Washed moraines on the west coast of Sweden

 Washed moraine surfaces on the west side of the island of Rörö, in the archipelago to the north of Göteborg, Sweden.  The expanse of pebbles and boulders seen in the lower photo is still washed by extreme storm waves in the winter, and because of the very exposed position of this coast a vast quantity of flotsam and jetsam is thrown up every year.   Children have had considerable fun here, creating a structure which is part den and part work of art......

It's amazing what you find when you go for a walk.  We arrived in Sweden a couple of days ago for the annual hols, and our good friends Anita and Bengt suggested a trip to the little island of Rörö, which could be reached after a short ferry trip.  There were lots of interesting pebbles there, so they said.  Well, I can never resist looking at interesting pebbles, so we packed up a picnic and off we went.  

What an amazing landscape!  When we reached the western side of the island we found ourselves in a strange wilderness of gravel, pebbles and boulders of all sizes, in places quite difficult to walk over, interspersed with patches of scrubby west coast vegetation, rock outcrops,  and a few pools of water.  This "klappersten" terrain (meaning pebbly stone terrain) is up to 500m west-east, and stretches along the coast for maybe  1.5 km.  In places there are clear ridges of storm beach material, and in some of the inlets there are clear strandlines, as can be seen in the Bing image below.  The ice-moulded terrain of the greater part of the island (quite typical of the west coast archipelago) is shown grey in the image, and the pebbly terrain to the west shows up as white.  The ice moved across this area roughly from NE towards SW.
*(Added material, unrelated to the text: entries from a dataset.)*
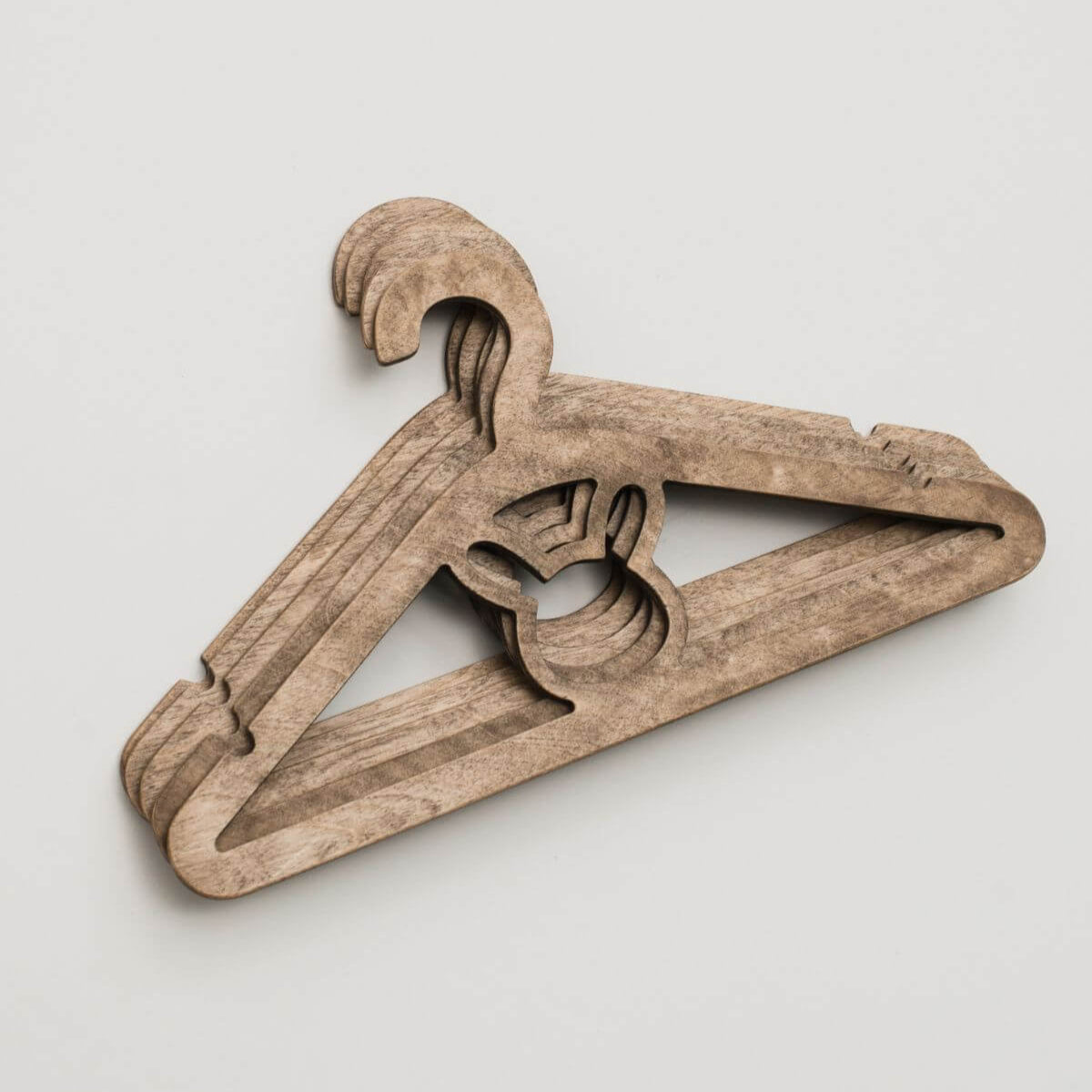 Wooden hanger on a light gray background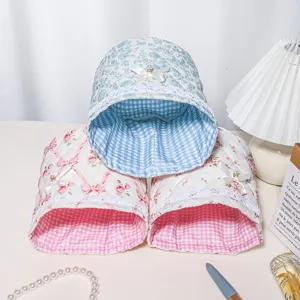 Detailed view of cute quilted fabric storage basket with lace trim, bow, and gingham lining.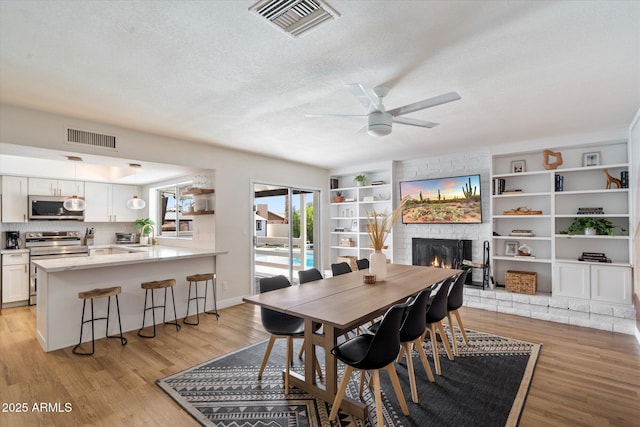 6271 E Evans Dr, Scottsdale, AZ 85254 - dining space featuring a large fireplace, visible vents, light wood-type flooring, and a textured ceiling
Most of the strandlines are less than 20m above present sea-level.  I reckon that big storm waves sometimes affect the surface up to a height of c 10m and maybe 50m inland from the shore.

I thought at first that this whole area was made up of a large suite of strandlines or raised beaches, but I quickly noticed that the degree of stone and boulder rounding was not sufficient to justify that interpretation, and the only possible alternative explanation is that this must be a vast expanse of morainic debris laid down during one of the big retreat stages of the Scandinavian Ice Sheet after 20,000 years BP.  Sea level must have been higher than it is today because of isostatic loading, but on a rising coast the morainic expanse was not affected by wave action for very long -- the result being a washing out of finer material and a survival of most of the sub-angular and faceted stone shapes typical of glacial moraine.

So -- this is a classic washed moraine landscape.  It's probably featured in all the Swedish glacial geomorphology text books -- but I have not had time to check!

Just before putting this post together, I checked out the maps of Scandinavian Ice Sheet retreat stages, and sure enough I see that the outer part of the archipelago in this area reveals fragments of the "Halland retreat moraine complex" dated at around 16,800 - 16,200 years BP.  So there we are then-  my observations slot very nicely into the established chronology.

On this map the Halland coastal moraines are shown, on the outermost islands of the western archipelago.

Source:  "Investigating the last deglaciation of the Scandinavian Ice Sheet in southwest Sweden with 10Be exposure dating", Journal of Quaternary Science 27(2):211-220 · February 2012, by Nicolaj Krog Larsen, Henriette Linge, Lena Håkansson, Derek Fabel

1 comment:

  1. I hope you are obtaining copies of the Pembrokeshire Herald over there in Sweden. You assured us you would keep us posted on any further sightings of the Feral Man of Pembrokeshire (previous Post).

    Or is he now over in southern Sweden? That would be a curious coincidence. Not a bit of publicity for a new book, perhaps?